Morgan Lehman Gallery is very pleased to present Paul Villinski: Now, a dramatic survey of works by this long-time New York City artist, in conjunction with the launch of a new monograph which chronicles three decades of the artist’s work. The immersive, 270-page monograph published by Vivant Books features insightful essays by eleven noted critics, curators, and authors, and will be available for purchase at the opening and closing events. A book signing and conversation between the artist and scholar Lisa Freiman will also take place at the Museum of Arts and Design on Wednesday, May 15 at 6:30pm.

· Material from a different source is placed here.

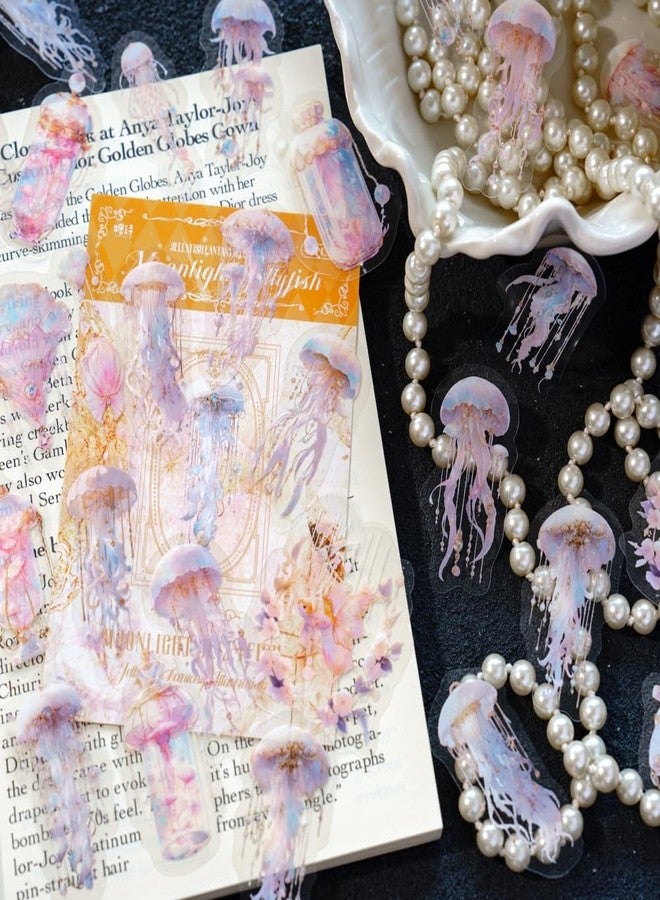 Obujopal 40 Pcs Jellyfish Stickers for Scrapbooking Junk Journal Water Bottle Planner Diary Phone Case Laptop Notebook Card Making Collage DIY Craft Decoration, 20 Patterns - Image 3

For over 30 years, Villinski has engaged in a studio practice rooted in what he has termed, “simply alchemy,” the transformation of the mundane into the magical, the humble into the revelatory. Employing an array of found materials including cotton gloves, leather belts, crushed aluminum beer cans, and more recently live butterflies and kitchen knives, the artist creates assemblage sculpture that makes reference to the utilitarian purpose of these constituent parts while simultaneously pointing to larger, more universal themes about being a person in the world. The artist’s hand is revealed not in the making of marks or carving of forms, but in the coaxing of raw materials from the landscape of daily life into new allegorical constructs, full of poetic charge and beauty.

Villinski’s work often addresses highly personal themes: growing up as an Air Force brat inspired a fascination with the culture and metaphors of aviation; he later found a sense of purpose in the progressive politics, naturalism, and environmental leanings of Southern Maine. Through his art, Villinski has also reconciled his own experiences of addiction and recovery. Despite the specificity and personal nature of many of these concerns, his work has broad-ranging implications and visual impact, establishing itself quickly through a gestalt of sophisticated accessibility and seduction, drawing viewers in and then inviting them to think deeply about what, in fact, they are looking at.

Underlying all the works in the exhibition is an interest in what it means to transform, whereby cans become butterflies, belts become blankets, and knives become wings. In this sense, Villinski’s works ultimately exude a palpable optimism, one that speaks to our ability to adapt, to locate meaning and unearth beauty, and to become new.